Une Chambre en Ville is a very interesting movie. Set against the backdrop of a 1955 workers’ strike in Nantes, it‘s probably Demy’s most explicitly political film. A young shipyard worker with anarchist sympathies, Francois (Richard Barry), is renting a room from a widow. He’s going out with a nice girl called Violette, but then he meets a beautiful woman, Edith, who is wearing nothing but a fur coat. Edith is married to the horrible owner of a television shop, and she is a part-time prostitute. Francois soon finds out that she’s also the daughter of his landlady, As you might imagine, it all gets quite complicated… It’s completely sung, and features some amazing wallpaper. The music is actually the weak point. It’s set in 1955, but the score is filled with 80s synths that really date it badly. As you might imagine, it all ends in tragedy, although you were somewhat hopeful along the way. It’s one of Demy’s most underrated films, and has not been seen as widely as the others.

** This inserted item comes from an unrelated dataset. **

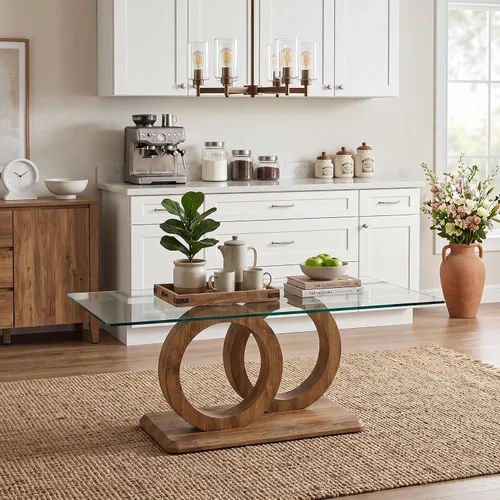 Vista 11 de Mesa de centro de cristal para sala de estar, mesa moderna de vidrio templado y patas de MDF, pequeña mesa de centro moderna (negro, estilo 1)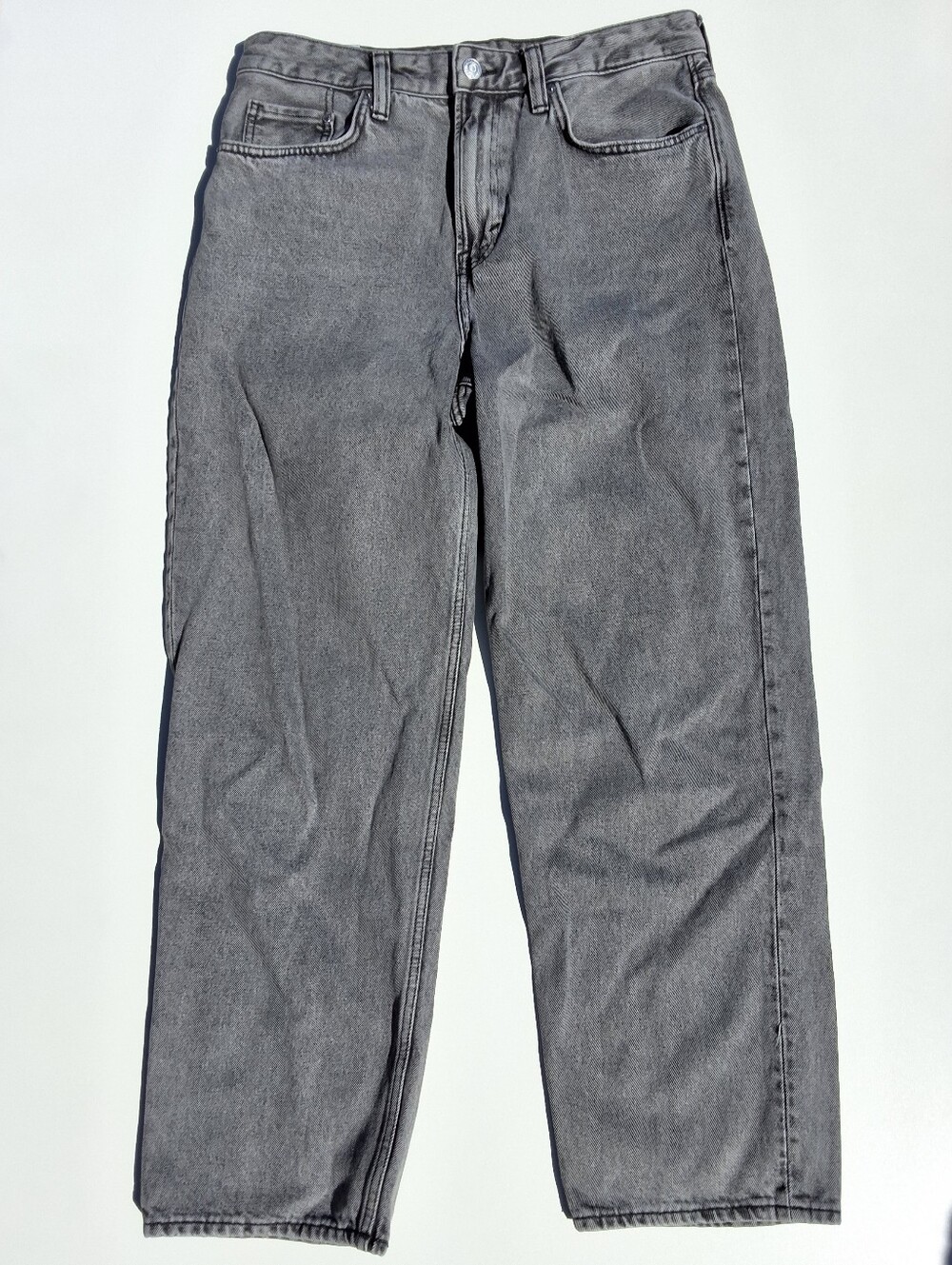 (34x32) H&M Loose Fit Denim Gray Men's Jeans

The box set is rammed with extras, including four of Demy’s pre-Lola short films. There are two documentaries made by Agnès Varda, visual essays, archival interviews and French TV episodes, interviews with Varda, stuff from various critics and more, including a big book of essays. So if you like Jacques Demy, it’s pretty much a must-own. You’ll come away with a good sense of his movies—but do seek out a copy of Model Shop to go with the set.